Je ne fait pas du cinéma qui s’inscrit très bien dans des compétitions, car mes films sont parfois un peu trop dans le champ gauche pour remporter des prix. On peut dire la même chose de certains grands cinéastes qui ne gagneront jamais de prix d‘ailleurs. Je n’ai donc pas développé d’esprit très compétitif, mais je tiens à sortir mes films dans des rendez-vous majeurs. J’ai accepté l’étiquette qu’on m’a mise de “mec de festival”, aussi agaçant que ça a pu être pendant un moment. J’ai commencé à regarder à gauche, à droite, et j’ai constaté qu’il y a des cinéastes qui font toute une carrière en étant estampillé festival. Je tenais à la compétition de Berlin. Je commence à connaître les festivals, donc je suis capable de positionner le film, alors que les jeunes cinéastes ne peuvent pas vraiment le faire. De mon côté, j’ai un peu des portes d’entrée, mais quand ils l’ont sélectionné, je me suis dit que c’était probablement le plus petit film de la sélection. Finalement, après avoir gagné, j’ai voulu regarder le côté sombre du prix, et je me suis demandé ce qu’était le prix qui “ouvre des nouvelles perspectives sur le cinéma”? Si je veux casser mon propre party, je peux dire qu’ils ont salué le film le plus original de la compétition… Mais recevoir ça des mains de Wong Kar Wai! Quand je l’ai reçu, je me suis dit c’est terminé… je ne me pose plus de questions, il faut que je reste moi-même. On vient de me récompenser car j’ai été moi-même, je n’ai pas fait de concessions… j’arrive à 40 ans, et je serai moi-même jusqu’à la fin de mes jours. Je ne ferai plus de cas de conscience, en essayant de trouver un nouveau public ou de faire des films plus commerciaux. Le prix m’a dit: “reste toi-même!”

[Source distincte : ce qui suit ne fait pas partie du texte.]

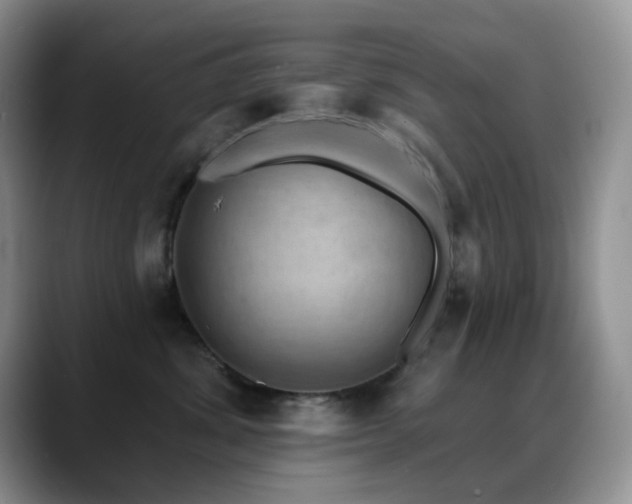 X0000088850428200706081138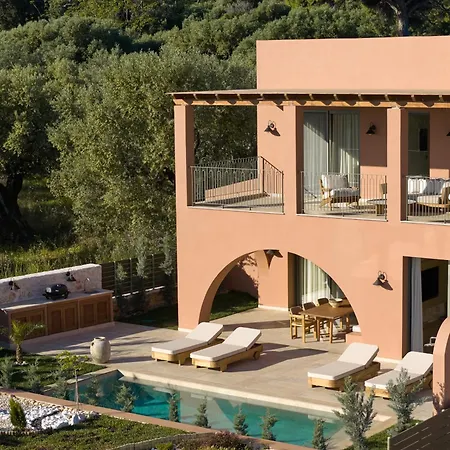 فيلة Analidia Experience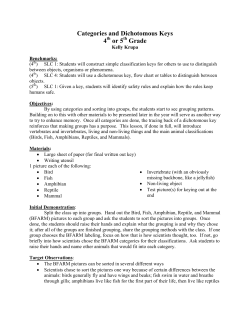 Categories and Dichotomous Keys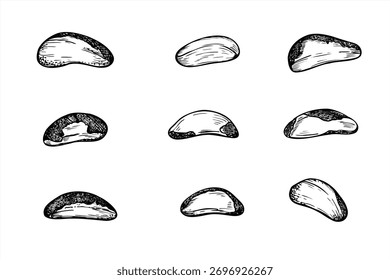 Hand drawn Brazil nut set monochrome vector black and white illustration. Healthy peeled nuts realistic graphic sketch. Raw ingredients for food packaging, cookbooks, health blogs, website design.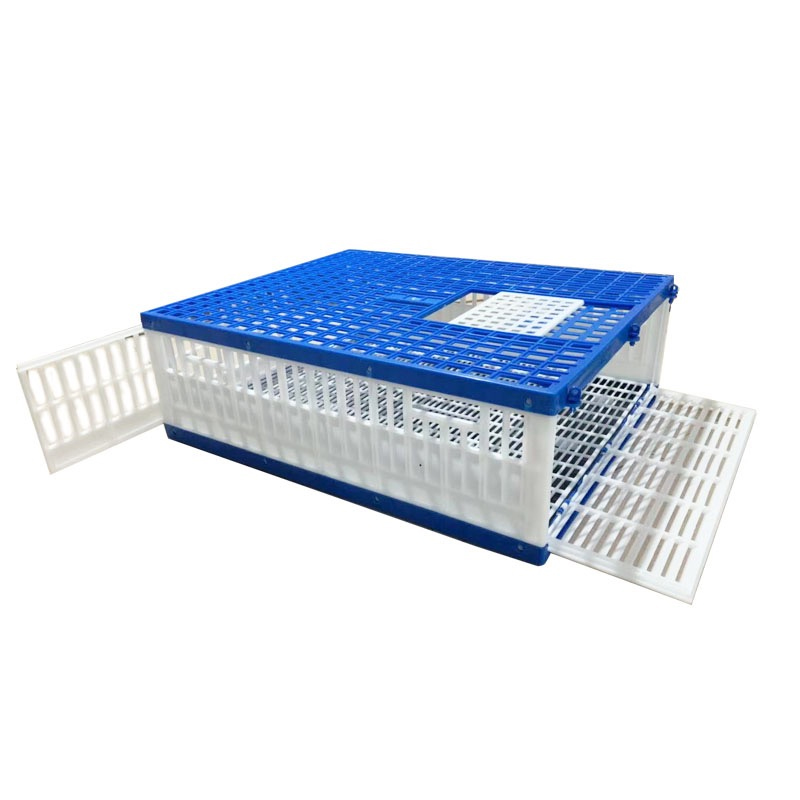 racing pigeon baskets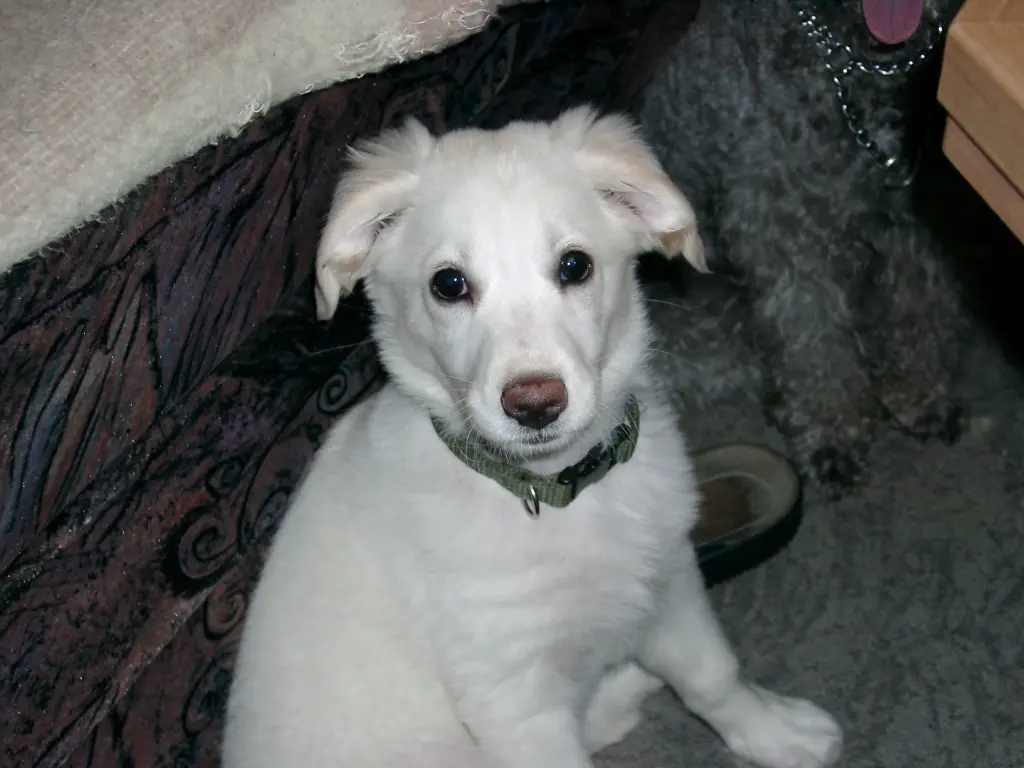 Image from Bonita (Mausele)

On peut s’imaginer qu’un tel prix va susciter certaines attentes…
Je vois ça dans l’attitude de certains cinéastes. Je ne donnerai pas de nom, mais on voit ça partout dans le monde. Pour beaucoup, après un succès, le prochain film se doit d’être le double du budget, il faut qu’il y ait une évolution. On ne peut jamais redescendre. Moi, j’ai un peu le parcours d’un Robert Morin par exemple. Je vois mon oeuvre comme un mur, et chaque film est une brique. Je ne vois pas ça comme un cheminement. Hier, à l’occasion de la journée de la presse, j’en avais un peu marre car de nombreux journalistes m’ont dit “tu sais, avec Vic + Flo, tu arrives enfin là où j’avais l’impression que tu as toujours voulu être.” C’est un compliment complètement empoisonné. Je ne savais pas comment réagir. J’avais envie de leur dire “mais vous deviez me prendre pour un moins que rien quand j’étais avec Carcasses à Cannes. Vous deviez penser que j’étais un poseur”. Et ce n’est pas vrai qu’avec Vic + Flo j’ai atteint quelque chose. Et après Vic + Flo, je risque de faire ce que j’ai toujours fait, c’est à dire un film plus expérimental. Il n’y a pas de compromis, pas de recherche d’un but à atteindre… je ne suis pas ambitieux, je suis travaillant. Hier, quelqu’un m’a demandé “qu’est-ce que je peux te souhaiter pour la suite?” J’étais complètement soufflé par la question.

Faire des films?
Oui, mon travail… mais il n’acceptait pas la réponse! Mais qu’est-ce que tu veux que je te réponde de plus? Je ne veux pas donner l’impression que je suis arrivé au sommet… mais tu souhaites quoi à Michael Haneke? Juste faire un prochain film! Donc, pour revenir à la question, le prix à Berlin m’a dit “continue”... et moi, je continue. Point.

Donc, vous n’allez pas ressentir une pression supplémentaire… mais est-ce que vous pouvez avoir des propositions de coproductions par exemple?
On a tendance à penser ça, mais sept mois après Berlin, il n’y a rien.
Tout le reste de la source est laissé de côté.